WHAT IS REQUIRED. Repeat nothing but the lines below running from the one containing "Izbila tučnjava u" to the one containing "2/2 Cartledge Avenue, Mount&nbsp;Clear". Keep both end lines.
===== TASK INPUT =====
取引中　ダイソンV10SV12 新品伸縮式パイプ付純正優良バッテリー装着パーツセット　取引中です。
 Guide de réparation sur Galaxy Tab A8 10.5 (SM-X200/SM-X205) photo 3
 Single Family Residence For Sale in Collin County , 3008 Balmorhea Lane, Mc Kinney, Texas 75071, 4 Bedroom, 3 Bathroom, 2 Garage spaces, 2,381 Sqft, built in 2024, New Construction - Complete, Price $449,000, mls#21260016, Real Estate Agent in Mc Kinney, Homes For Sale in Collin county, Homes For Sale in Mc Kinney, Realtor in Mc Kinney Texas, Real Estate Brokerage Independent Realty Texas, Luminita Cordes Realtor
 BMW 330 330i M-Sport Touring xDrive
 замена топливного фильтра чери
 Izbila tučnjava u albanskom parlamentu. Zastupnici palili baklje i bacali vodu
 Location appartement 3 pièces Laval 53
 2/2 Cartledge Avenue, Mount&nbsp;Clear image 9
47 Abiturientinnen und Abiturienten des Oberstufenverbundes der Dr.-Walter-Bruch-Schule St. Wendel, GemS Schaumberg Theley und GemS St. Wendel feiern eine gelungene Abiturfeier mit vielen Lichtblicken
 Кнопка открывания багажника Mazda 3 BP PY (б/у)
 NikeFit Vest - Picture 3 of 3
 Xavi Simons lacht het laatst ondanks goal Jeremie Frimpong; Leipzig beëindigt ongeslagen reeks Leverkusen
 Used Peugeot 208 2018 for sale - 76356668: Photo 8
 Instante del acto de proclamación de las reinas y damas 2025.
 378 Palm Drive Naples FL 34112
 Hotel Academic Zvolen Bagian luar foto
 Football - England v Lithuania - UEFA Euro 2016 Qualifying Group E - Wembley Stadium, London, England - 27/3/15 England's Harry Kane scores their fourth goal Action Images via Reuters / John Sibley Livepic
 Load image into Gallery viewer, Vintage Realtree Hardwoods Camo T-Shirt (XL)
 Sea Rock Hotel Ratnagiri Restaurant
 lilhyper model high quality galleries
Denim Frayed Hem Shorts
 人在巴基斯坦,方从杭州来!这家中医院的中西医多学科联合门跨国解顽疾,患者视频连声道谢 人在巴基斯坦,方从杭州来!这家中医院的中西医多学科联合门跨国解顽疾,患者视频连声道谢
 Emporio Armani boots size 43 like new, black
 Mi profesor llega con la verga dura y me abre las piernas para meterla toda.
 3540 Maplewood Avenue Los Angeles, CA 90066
=====
FINAL ANSWER.
 Izbila tučnjava u albanskom parlamentu. Zastupnici palili baklje i bacali vodu
 Location appartement 3 pièces Laval 53
 2/2 Cartledge Avenue, Mount&nbsp;Clear image 9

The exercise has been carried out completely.